Filmmaker Andrew Jarecki could have predicted as much.
His fiction-film debut was 2010's Ryan Gosling-led mystery crime drama "All Good Things," which is based on Durst's link to three deaths and disappearances over several decades--including the 1982 vanishing of his first wife, the 2000 killing of a female friend and the 2001 dismemberment of his onetime neighbor.
The latter case would be the sole one Durst was charged in. A Texas jury ultimately acquitted Durst of murder charges in the death of his neighbor after he convinced them it was done in self-defense.
Jarecki had been unsuccessful in his attempts to reach Durst, the son of the late real estate mogul Seymour Durst, during the making of the film. But Durst would eventually get in touch with Jarecki a couple of weeks before the movie hit theaters. And Durst wanted to talk.

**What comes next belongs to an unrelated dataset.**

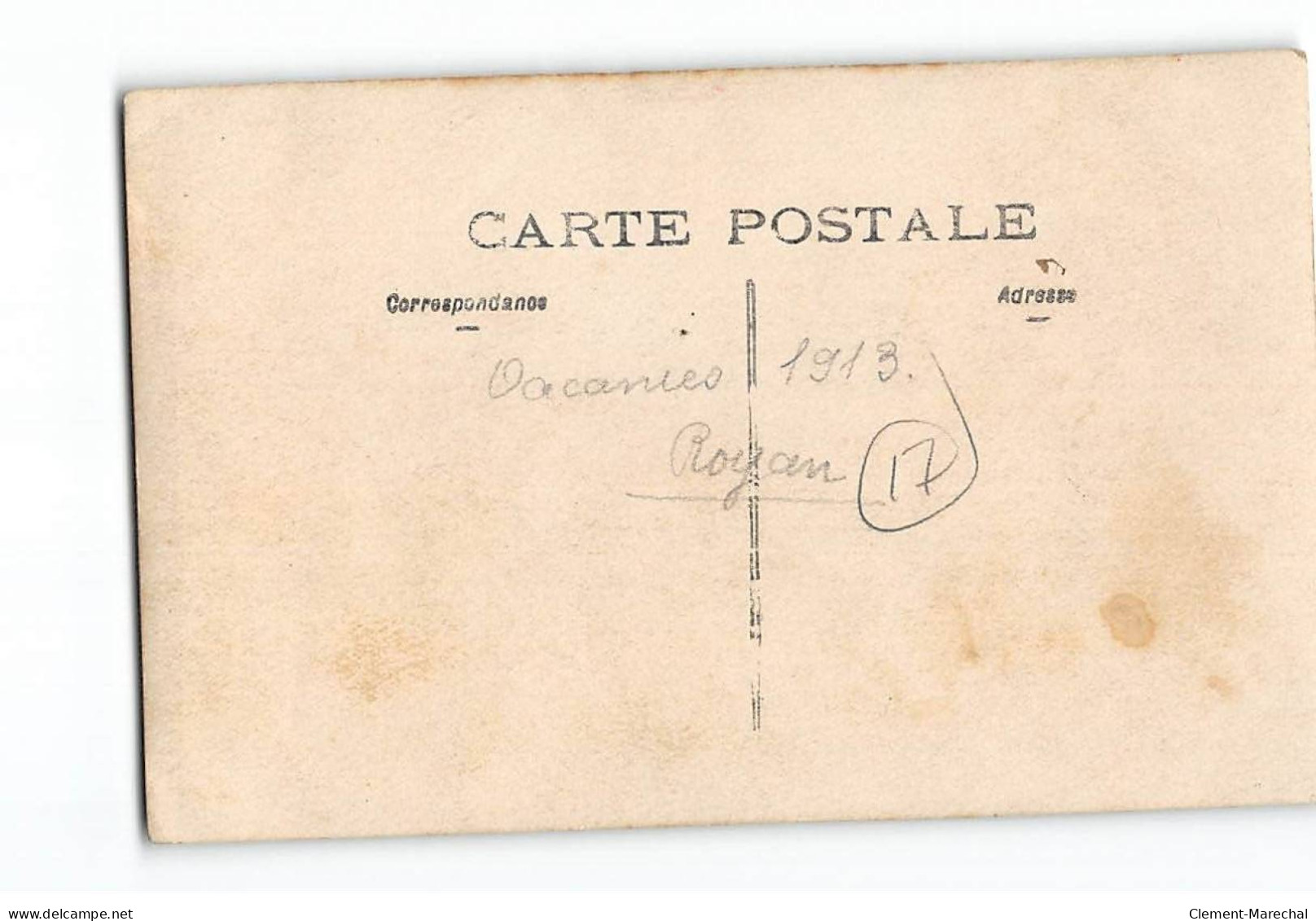 ROYAN - Vacances 1913 - Carte Photo - Très Bon état - Royan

Their introduction would yield a six-part documentary series, "The Jinx: The Life and Deaths of Robert Durst," which will air on HBO beginning Feb. 8.

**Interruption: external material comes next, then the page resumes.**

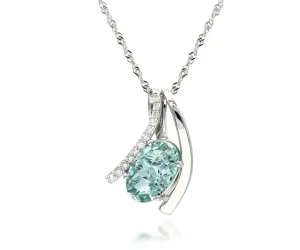 Freeform Green Aquamarine Diamond Necklace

Jarecki, while promoting the project Thursday at the Television Critics Assn. press tour in Pasadena, spoke of Durst as someone who has a "remarkable kind of quality to him."
"Bob Durst knows where you're going with your questions about a dozen questions in advance," Jarecki told reporters. "He's uncannily bright."

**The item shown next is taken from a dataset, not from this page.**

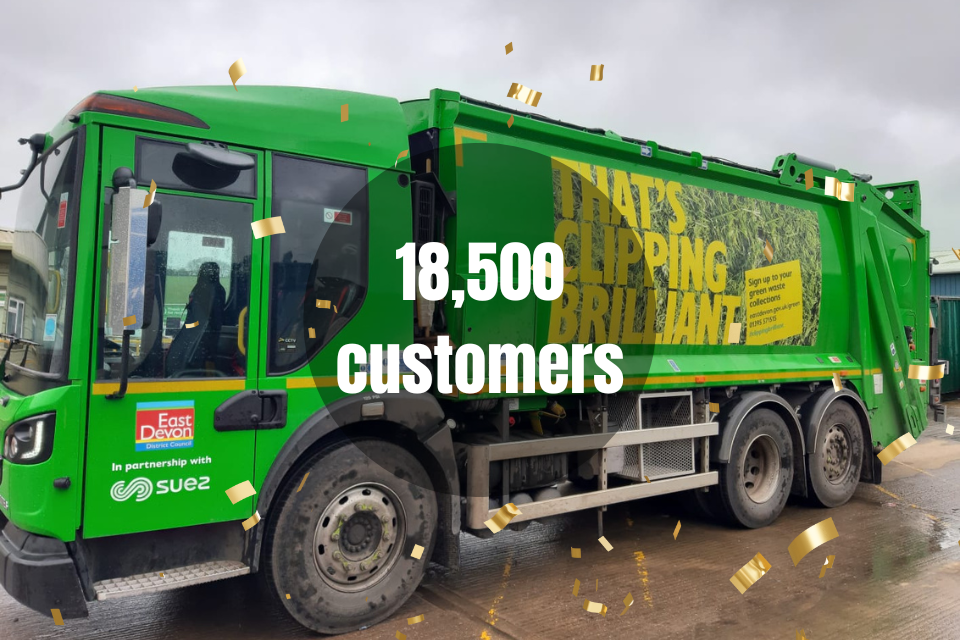 18,500 customers text and confetti on top of a photo of a green waste collection vehicle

He later added: "When you shake hands with him ... you can't shake the feeling that this was a guy who admitted to dismembering his neighbor. You can't not feel that when you're touching his hand."
Jarecki hopes, and expects, viewers to come away with their own opinions of the eccentric real estate heir--including whether he's guilty or innocent--upon watching the documentary series, which pulls from 25 hours of interviews with Durst.
"I think it's essential for people to see and experience this the way that I did," Jarecki told reporters. "I will tell you by the time you get to the end of the series, you're not going to be scratching your head. You're going to have a clear view."
"The Jinx" hits HBO at a time when the public's fascination with true crime thrillers is at peak levels, thanks in part to the genre of programming offered on networks such as Investigation Discovery (ID) and, of course, the recent popularity of murder mystery podcast "Serial."
"I have enjoyed 'Serial,'" said Jarecki, who noted the popularity of the genre in fiction-form (think "Breaking Bad") has spilled over into interest in true-life narratives . "I do think it's a phenomenon that is sort of here."
One person who likely won't be jumping on the bandwagon is Durst's younger brother, Douglas.
Douglas, who has mostly kept quiet, spoke with the New York Times recently about his opposition to the series, which he had declined to participate in. Douglas said it's "rooted in an untrustworthy source."
"Bob is incapable of telling the truth," Douglas Durst told the Times. "He is a true psychopath, beyond any emotions. That's why he does things, so he can experience the emotions that other people have vicariously. Because he has absolutely none of his own."
Jarecki acknowledged that Douglas "was always hostile" to the documentary series, as well as the original film.
"I'll be interested to see if they decide to sue us."